You can see the bitrate for libmp3lame use 32kbit,

DEBUG:pydub.converter:subprocess output: b'      encoder         : Lavc58.54.100 libmp3lame'
DEBUG:pydub.converter:subprocess output: b'size=      48kB time=00:00:12.07 bitrate=  32.3kbits/s speed= 371x'

When truncated at 8k frequency, you loss the intended quality of 24k sample rate, supposely at least 12k frequency.

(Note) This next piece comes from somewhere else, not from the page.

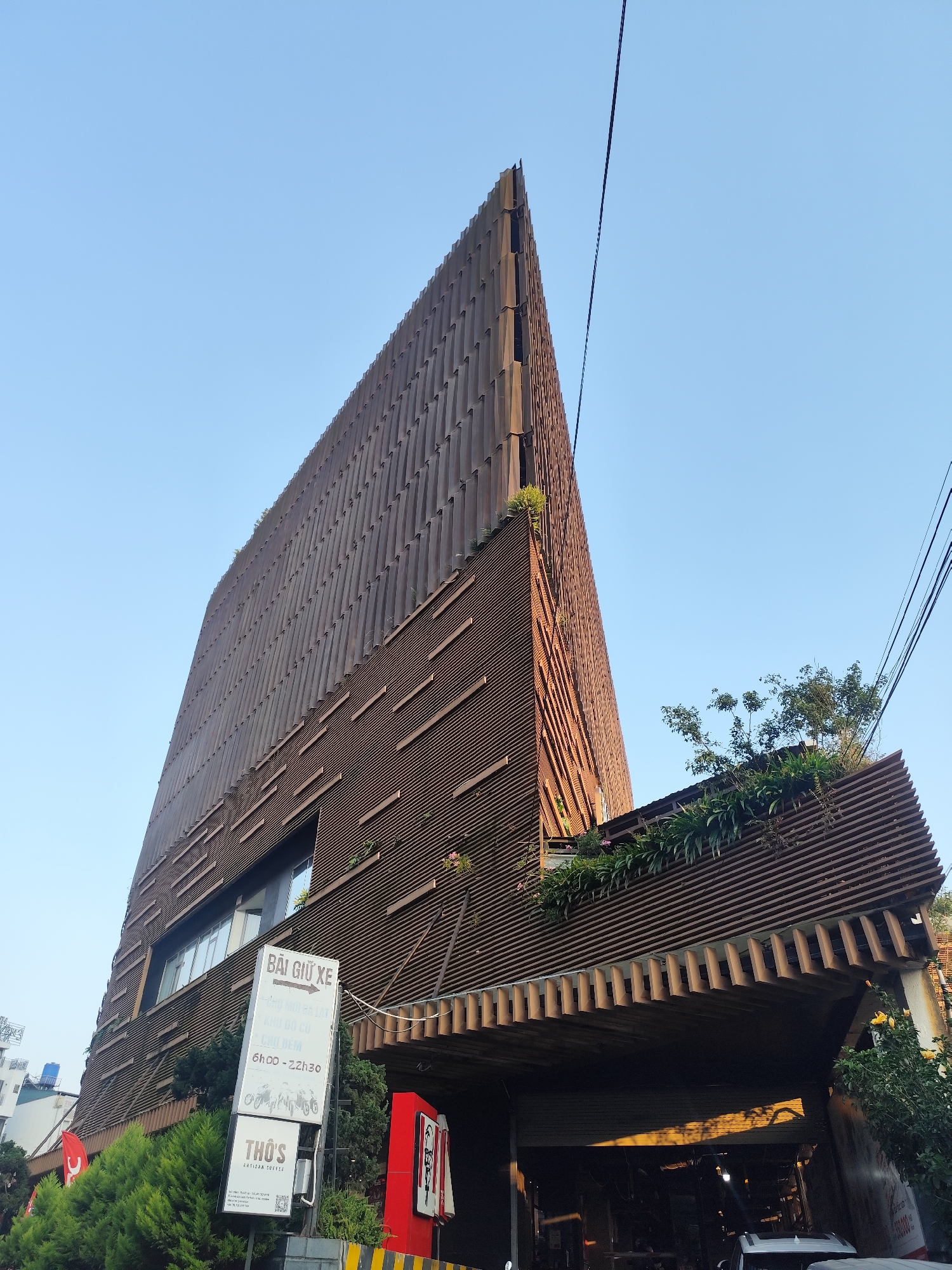 The image captures a uniquely shaped building in Da Lat, Vietnam. The building's facade is clad in brown horizontal slats, giving it a textured appearance. The design incorporates greenery, with plants and small trees visible on ledges and the roof.
A sign with Vietnamese text and graphics for "Bãi Giữ Xe" (parking) is visible near the building's base, along with a sign that says “THO’S ARTISAN COFFEE." A red KFC sign is present, and other signage indicates a commercial presence.
The structure has a triangular or wedge-like shape that narrows towards the top. Power lines run across the clear blue sky above. Street-level elements, including glimpses of vehicles and greenery, suggest a street scene. The perspective of the shot is looking up at the building.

If we set the bitrate to 55k or higher,

from pydub import AudioSegment

def write_mp3(path, sr, x):
    """Convert numpy array to MP3."""
    try:
        # Ensure x is in the correct format and normalize if necessary
        if x.dtype != np.int16:
            # Normalize the array to fit in int16 range if it's not already int16
            x = np.int16(x / np.max(np.abs(x)) * 32767)

        # Create audio segment from numpy array
        audio = AudioSegment(
            x.tobytes(), frame_rate=sr, sample_width=x.dtype.itemsize, channels=1
        )
        # Export as MP3 file
        audio.export(path, format="mp3", bitrate='55k')
    except Exception as e:
        print(e)
        print("Error: Failed to write MP3 file.")

We can see now the intended frequency reached 12k,

Image

To be save, we should use soundfile.write.

Environment Information

I tested using 2 different ffmpeg version 4.2.7-0ubuntu0.1 Copyright (c) 2000-2022 the FFmpeg developers and ffmpeg version 6.1.1-3ubuntu5 Copyright (c) 2000-2023 the FFmpeg developers, both use the same libmp3lame 32kbits.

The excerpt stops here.